First of all: looking back we have a much more positive feeling about these weeks in Scotland than we had during the trip. Yes, it took at times a lot of energy to handle the boys, to stay calm in chaos and good humoured when things were not that easy. But this misery is soon forgotten, sublimated in nice stories for friends and family. What stays is the larger picture of the beautiful mountains, the forests, the coast and all the countless isles at the horizon.
A second thing is that in the past we often ignored the Lowlands. This year on our way home we drove through Dumfries and Galloway and enjoyed the rolling hills, the unexpected heights of Leadhills and quiet towns as Muirkirk and Sanquhar.
We should do this more often and enjoy it as a kind of mustn't grumble crumble dessert!
Finally some observations with respect to my photography. In an earlier article on landscape photography I discuss different approaches in landscape photography, which I call documentary and glamorous.
I then said I work mainly documentary, in subject matter, like houses and roads, and light conditions. Looking back at this year's photos, I think I still include more of the human influence than most other landscape photographers, but light and colour are getting more important. I am more and more looking for 'glamorous' moments.
This also has to do with the kind of weather we had this year. It was dominantly sunny and bright, making it attractive to work early and in the late evenings, which is preferable for the family anyway.
A second thing is that we tend to stay longer at the same place, which makes it easier to get back to a specific location in better light.
Or using a metaphor often used by photographers: I used to be a real hunter - constantly moving around to find a place to shoot. Nowadays I tend to be more of a fisher. Once you know a great spot, just wait for things to happen.
Using 1:50000 Ordnance Survey maps really helps here, as a general understanding of weather patterns.
And in complete contrast to last year, one can even have too much of bright skies and sunny weather. Sure it is nice weather, but without much beauty. Mere sunshine in Summer has no soul, no poetry. Like a story about two people who are perfectly happy with each other. Nice for them, boring for the reader.
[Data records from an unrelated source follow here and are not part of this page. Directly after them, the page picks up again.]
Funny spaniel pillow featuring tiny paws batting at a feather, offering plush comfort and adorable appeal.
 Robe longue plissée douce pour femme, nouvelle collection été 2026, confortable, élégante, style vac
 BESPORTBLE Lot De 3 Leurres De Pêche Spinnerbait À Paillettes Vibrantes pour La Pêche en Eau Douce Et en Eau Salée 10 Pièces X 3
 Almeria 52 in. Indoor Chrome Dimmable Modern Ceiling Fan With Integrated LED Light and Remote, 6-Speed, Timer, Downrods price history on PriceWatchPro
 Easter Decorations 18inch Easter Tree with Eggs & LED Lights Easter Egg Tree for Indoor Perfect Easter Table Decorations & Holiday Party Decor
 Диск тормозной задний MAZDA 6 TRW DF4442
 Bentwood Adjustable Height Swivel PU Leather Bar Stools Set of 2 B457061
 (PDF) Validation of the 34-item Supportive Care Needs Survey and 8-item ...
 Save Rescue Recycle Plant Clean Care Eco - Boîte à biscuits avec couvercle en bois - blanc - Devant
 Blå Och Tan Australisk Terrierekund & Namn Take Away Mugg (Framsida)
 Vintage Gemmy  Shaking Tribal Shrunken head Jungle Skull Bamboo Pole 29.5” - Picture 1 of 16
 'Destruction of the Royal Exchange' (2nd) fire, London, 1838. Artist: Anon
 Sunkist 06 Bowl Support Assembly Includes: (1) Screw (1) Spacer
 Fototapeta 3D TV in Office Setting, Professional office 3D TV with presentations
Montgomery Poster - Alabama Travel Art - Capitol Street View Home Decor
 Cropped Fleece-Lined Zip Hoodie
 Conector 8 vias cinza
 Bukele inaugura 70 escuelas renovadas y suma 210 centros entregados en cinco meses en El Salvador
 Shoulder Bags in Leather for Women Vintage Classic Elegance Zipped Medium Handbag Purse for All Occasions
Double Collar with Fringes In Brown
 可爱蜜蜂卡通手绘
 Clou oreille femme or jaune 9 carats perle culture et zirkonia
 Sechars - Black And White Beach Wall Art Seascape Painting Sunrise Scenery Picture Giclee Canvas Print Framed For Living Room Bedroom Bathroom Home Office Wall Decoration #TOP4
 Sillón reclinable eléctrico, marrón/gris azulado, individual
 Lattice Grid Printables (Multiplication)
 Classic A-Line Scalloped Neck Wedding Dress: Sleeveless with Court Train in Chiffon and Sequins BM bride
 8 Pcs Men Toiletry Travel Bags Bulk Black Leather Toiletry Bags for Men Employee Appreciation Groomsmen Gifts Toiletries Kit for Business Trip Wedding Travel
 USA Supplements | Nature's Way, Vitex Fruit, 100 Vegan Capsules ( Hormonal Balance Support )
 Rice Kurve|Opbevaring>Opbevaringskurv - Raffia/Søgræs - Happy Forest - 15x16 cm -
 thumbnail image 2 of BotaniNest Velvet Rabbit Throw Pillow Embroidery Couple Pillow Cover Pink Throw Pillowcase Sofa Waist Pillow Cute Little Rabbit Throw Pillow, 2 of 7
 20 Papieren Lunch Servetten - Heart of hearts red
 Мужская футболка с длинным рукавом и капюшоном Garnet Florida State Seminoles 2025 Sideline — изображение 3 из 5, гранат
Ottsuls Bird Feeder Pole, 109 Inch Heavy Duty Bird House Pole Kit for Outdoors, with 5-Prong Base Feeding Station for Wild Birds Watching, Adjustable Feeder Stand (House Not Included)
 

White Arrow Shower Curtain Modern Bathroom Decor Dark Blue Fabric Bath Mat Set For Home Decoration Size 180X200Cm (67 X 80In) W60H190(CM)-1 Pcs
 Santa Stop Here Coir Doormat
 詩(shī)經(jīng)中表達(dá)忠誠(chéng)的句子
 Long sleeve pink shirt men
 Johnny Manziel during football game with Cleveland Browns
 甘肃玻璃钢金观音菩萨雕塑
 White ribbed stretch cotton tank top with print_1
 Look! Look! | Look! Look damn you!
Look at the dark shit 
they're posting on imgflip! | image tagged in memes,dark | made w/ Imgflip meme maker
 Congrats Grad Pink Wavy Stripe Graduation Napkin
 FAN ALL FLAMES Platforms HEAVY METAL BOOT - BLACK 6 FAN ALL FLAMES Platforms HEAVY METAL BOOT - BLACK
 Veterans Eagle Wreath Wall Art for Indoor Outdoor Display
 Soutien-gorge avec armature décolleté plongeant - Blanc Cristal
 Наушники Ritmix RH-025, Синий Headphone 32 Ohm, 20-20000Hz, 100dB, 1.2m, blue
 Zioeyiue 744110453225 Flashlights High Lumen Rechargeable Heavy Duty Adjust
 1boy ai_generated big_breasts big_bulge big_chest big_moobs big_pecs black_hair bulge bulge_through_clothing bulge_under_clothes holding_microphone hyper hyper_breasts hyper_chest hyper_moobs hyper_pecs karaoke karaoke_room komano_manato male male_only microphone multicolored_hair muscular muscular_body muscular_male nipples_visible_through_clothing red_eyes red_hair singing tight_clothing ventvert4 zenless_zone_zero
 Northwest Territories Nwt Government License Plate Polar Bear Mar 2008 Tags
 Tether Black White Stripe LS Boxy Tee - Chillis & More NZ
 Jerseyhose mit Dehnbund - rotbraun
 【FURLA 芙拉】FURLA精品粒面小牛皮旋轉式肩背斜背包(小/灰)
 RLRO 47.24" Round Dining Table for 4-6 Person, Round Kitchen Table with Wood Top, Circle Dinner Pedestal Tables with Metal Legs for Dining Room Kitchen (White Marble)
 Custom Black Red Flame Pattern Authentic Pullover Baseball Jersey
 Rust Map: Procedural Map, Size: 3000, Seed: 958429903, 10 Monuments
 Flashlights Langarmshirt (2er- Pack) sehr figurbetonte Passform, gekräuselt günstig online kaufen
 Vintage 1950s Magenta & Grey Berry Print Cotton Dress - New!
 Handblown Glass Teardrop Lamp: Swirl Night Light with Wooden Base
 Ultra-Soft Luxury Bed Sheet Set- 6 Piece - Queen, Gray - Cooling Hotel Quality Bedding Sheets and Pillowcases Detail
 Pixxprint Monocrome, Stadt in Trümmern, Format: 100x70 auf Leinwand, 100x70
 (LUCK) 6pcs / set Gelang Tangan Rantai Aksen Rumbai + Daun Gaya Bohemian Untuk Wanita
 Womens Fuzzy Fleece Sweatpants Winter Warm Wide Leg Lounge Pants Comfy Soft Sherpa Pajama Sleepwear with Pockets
That said - throw in some clouds, and no reason to grumble anymore!
Some websites:
part one: who, why and where
part two: around Loch Tay and the Grampians
part three: Wester Ross and conclusion
This article is written by Wim van Velzen, © 2006.
Comments and questions are always welcome!Most of the photos in this 3 part article are placed in the following portfolios:
Breadalbane (2006)
the Grampians
Wester Ross (2006): from Applecross to Shieldaig
Wester Ross (2006): Torridon and Gairloch
Wester Ross (2006): Gruinard Bay and Dundonell
Culross (soon)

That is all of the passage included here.